Others
Some languages have even more grammatical voices. For example, Classical Mongolian features five voices: active, passive, causative, reciprocal, and cooperative.
The antipassive voice deletes or demotes the object of transitive verbs, and promotes the actor to an intransitive subject. This voice is very common among ergative–absolutive languages (which may feature passive voices as well), but also occurs among nominative–accusative languages.

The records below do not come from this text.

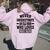 Never Underestimate An Old Man Who Loves Horse Racing Women Oversized Hoodie Back Print Light Pink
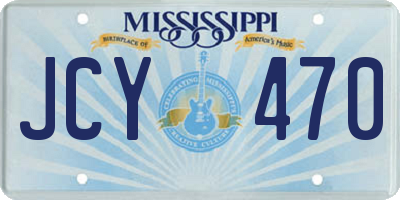 MS license plate JCY470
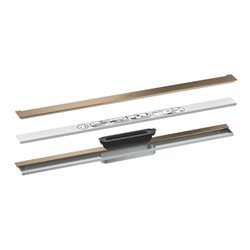 hansgrohe Fertigset Duschrinne AXOR Drain 800mm zur Wandmontage BRG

There are also constructions in some languages that appear to change the valence of a verb, but in fact do not. So called hierarchical or inversion languages are of this sort. Their agreement system will be sensitive to an external person or animacy hierarchy (or a combination of both): 1 > 2 > 3 or Anim > Inan and so forth. E.g., in Meskwaki (an Algonquian language), verbs inflect for both subject and object, but agreement markers do not have inherent values for these. Rather, a third marker, the direct or inverse marker, indicates the proper interpretation: ne-wa:pam-e:-w-a "I am looking at him", but ne-wa:pam-ekw-w-a "He is looking at me". Some scholars (notably Rhodes) have analyzed this as a kind of obligatory passivization dependent on animacy, while others have claimed it is not a voice at all, but rather see inversion as another type of alignment, parallel to nominative–accusative, ergative–absolutive, split-S, and fluid-S alignments.